Ağlamamak için dişlerini sıkarak oğlunun başını okşadı. Bir yerinin şişip kanamadığını görünce rahatlayarak yere bıraktı.

Gidip yere bıraktıklarını alıp oğlu ve kocasının yanına döndü. Bebek babasına doğru ilerleyip ona sarılmaya çalışıyordu. Sol göğsünden öpüp omzundaki kanı temizledi. Bir süre omzuna bastırıp temiz bez parçasıyla yarasını sardı.
"La.. Laçin..." dedi, sessizce çatlamış dudaklarının arasından. Dudağından öpüp başını göğsüne yasladı.

"Asaf'ım..."

"La.. Laçin..."

"Gözümün nuru.. ruhum."
Zoraki kaldırdığı elini başına koyup doğrulmaya çalıştı.

"A.. Abdullah'ım..."
Gözlerini açıp ağlamaklı gözlerle kendisine bakan bebeğe baktı. Karısının yardımıyla doğrulup bebeği kucağına aldı. Babasının kollarına sığınıp gözlerini yumdu.

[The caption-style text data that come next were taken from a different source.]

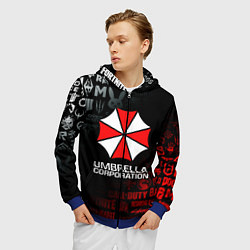 Толстовка 3D на молнии мужская RESIDENT EVIL UMBRELLA CORP, цвет: 3D-синий — фото 2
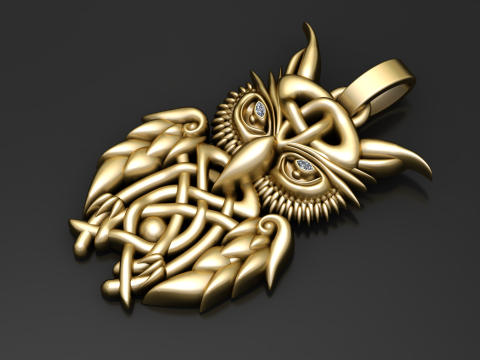 Celtic Baykuş Kolye Yüksek Detaylı 3D Yazdırılabilir Takı Modeli 3D Baskı Modeli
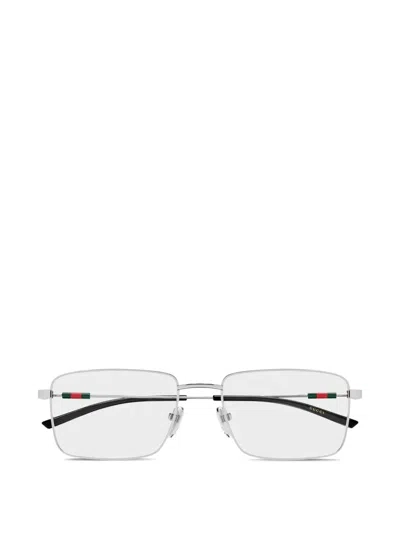 Gucci Eyewear Rectangular Frame Glasses In Silver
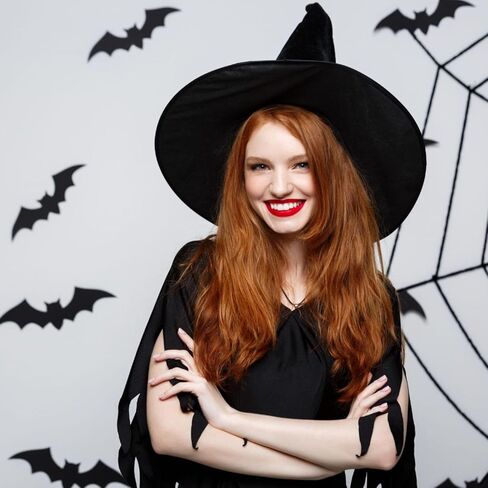 CROOT 8 Pieces Witch Hats Decorations, Black Witch Hat,Halloween Costume for Hanging Witchs Hats Theme Decoration or Halloween Party Cosplay Holiday Hats in Kuwait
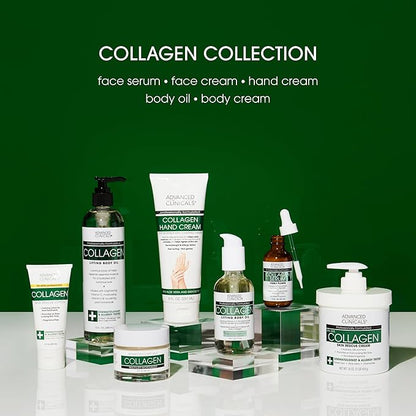 Advanced Clinicals Collagen Cream Body Lotion & Face Moisturizer | Skincare Anti Aging Collagen Lotion For Women, Men, Hand, & Neck Improves Look Of Crepe Skin & Uneven Dry Skin, 16Oz + Travel Size
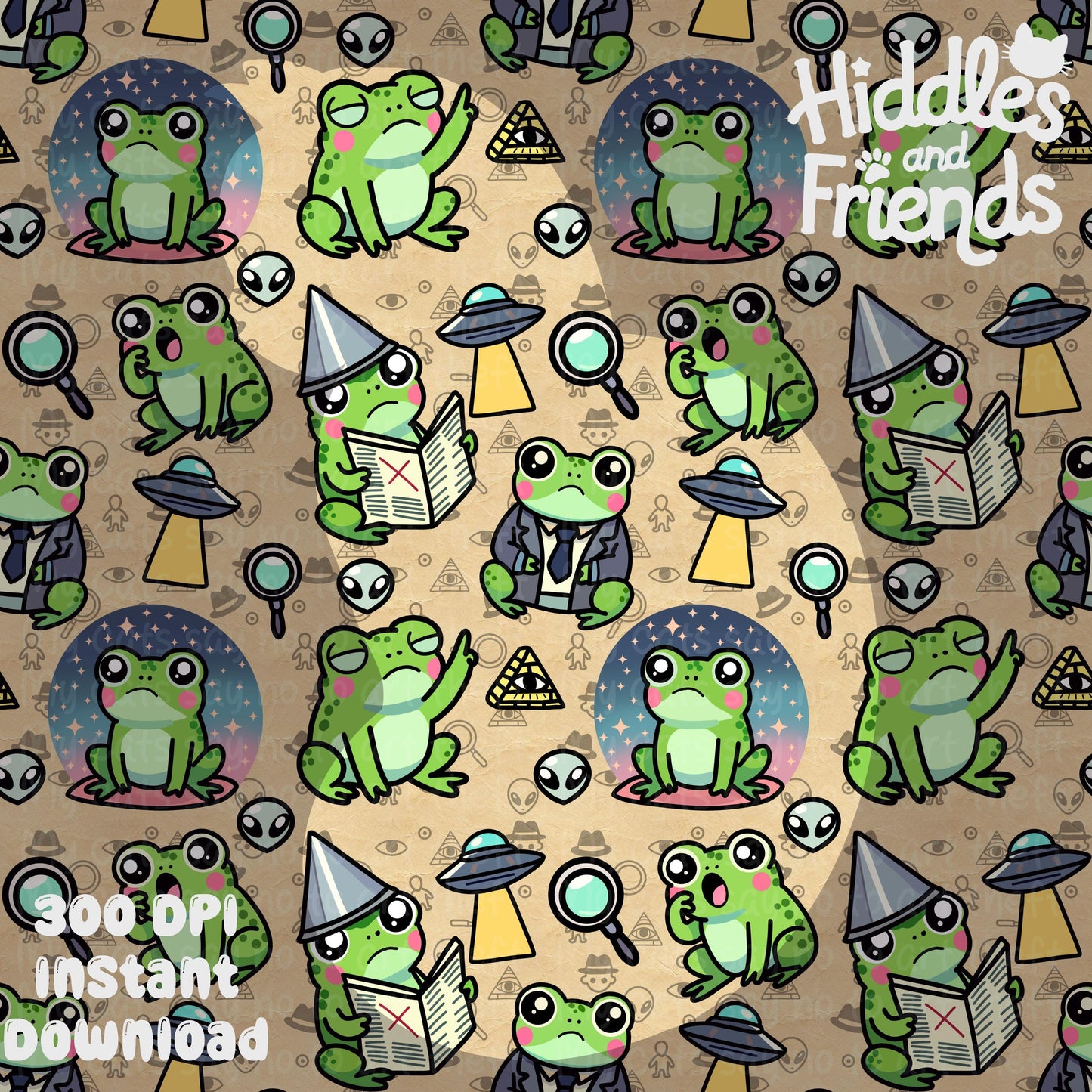 Conspiracy Frog Seamless Pattern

Yanına oturup başını omzuna koydu.

"Bu haylaz babasına gitmek için yataktan atlamış."

Sessizce gülerek bir elini karısının başına koydu.
"Fazla cesur demek ki."

"Babası gibi mi?"

"Annesi gibi..." dedi, mestane bakışlarını gözlerine çevirerek.

"Bizim gibi..." dedi dudağının kenarından gülümseyerek. Başını başına yaslayarak gözlerini yumdu. Babasının kucağında uyuyakalmış bebeğe bakıp gülümsedi kadın. Baba oğulu baş başa bırakıp kirli bezi ve kıyafetleri topladı. Banyoya doğru ilerlerken dışarıdan sesler işitti. Sessizce elindekileri bırakıp eğilerek odaya doğru ilerledi.

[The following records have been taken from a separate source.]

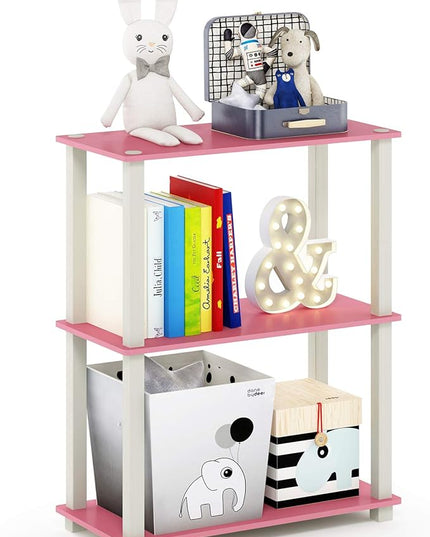 Furinno Turn-S-Tube 3-Tier Compact Multipurpose Shelf Display Rack with Square Tube, Pink/White - LeafyLoom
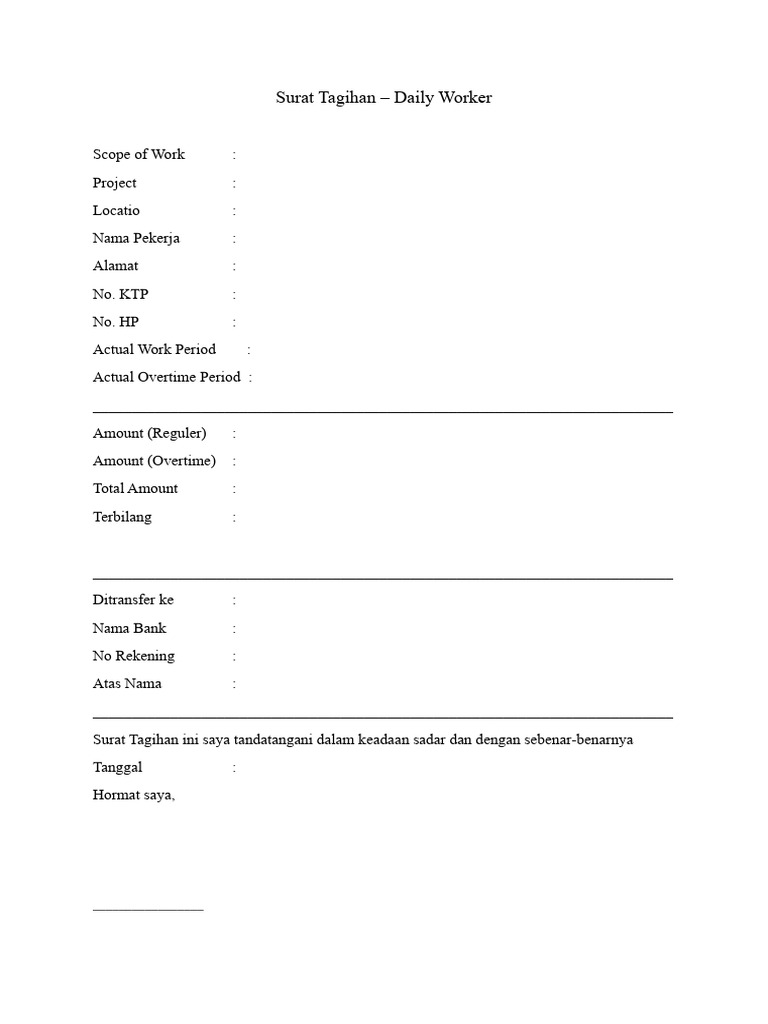 Surat Tagihan Daily Worker Reguler | PDF
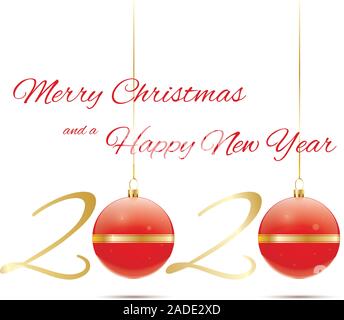 Grußkarte für frohe Weihnachten und einen guten Rutsch ins Neue Jahr 2020 mit roten Christbaumkugeln Vector Illustration Stock Vektor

Dizlerinin üzerinde yürüyerek kocasının yanına vardı. Gecenin loş ışığı içeri sızıyordu. Kulağına doğru sessizce:
"Dışarıda birileri var."

"Kim?"
Başını hafifçe çevirip gözlerini açtı.
"Sessiz ol, sakın panik yapma. Bakıp geleceğim."

"Ya sana..."

"Bana bir şey olmayacak. Bir şey olursa da Abdullah'ı alıp halının altındaki kapıdan kaçın."

"Korkuyorum. Ya sana bunu yapan adamlarsa?"

"Bir şey olmayacak. Sen oğlumuzla beraber kurtulmaya bak."
Eline silah verip Abdullah'ı sedire bırakır. Çekmeceden başka bir silah alıp eğilerek salona ilerler. Dışarıdan gelen seslerle pencereye doğru yaklaşır.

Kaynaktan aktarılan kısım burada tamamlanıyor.